- [YOUR INSTRUCTIONS]:
All lines from the one holding "[#20261] Red Female" to the end of the listing are to be output exactly, both ends included, with any pictures left out.

- [AVAILABLE DATA]:
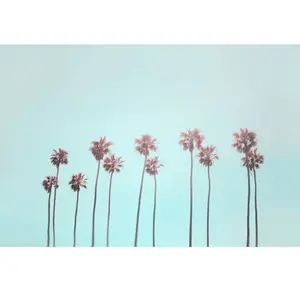 Architects Paper TROPICAL TREES pas cher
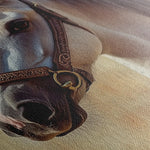 Horses 130 Canvas Art 60 x 40 cm / Black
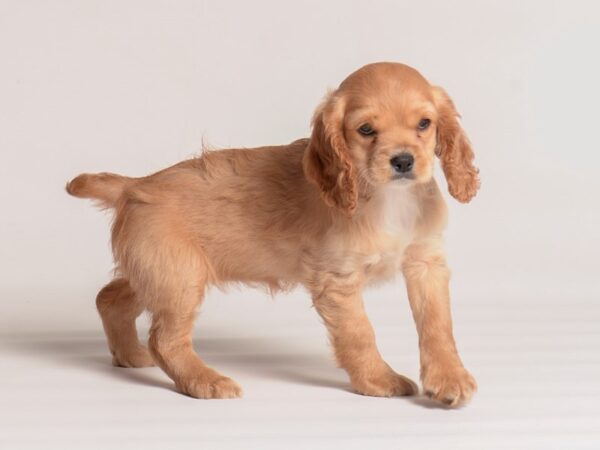 [#20261] Red Female Cocker Spaniel Puppies For Sale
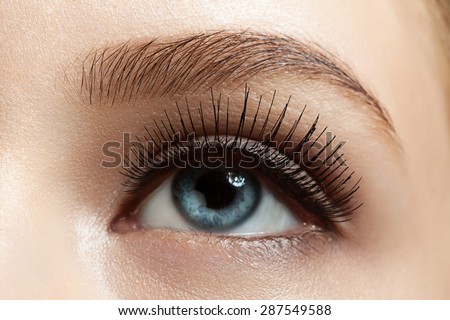 Close-up of make-up eye with long eyelashes and brown eyebrows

- [YOUR RESPONSE]:
 [#20261] Red Female Cocker Spaniel Puppies For Sale
 Close-up of make-up eye with long eyelashes and brown eyebrows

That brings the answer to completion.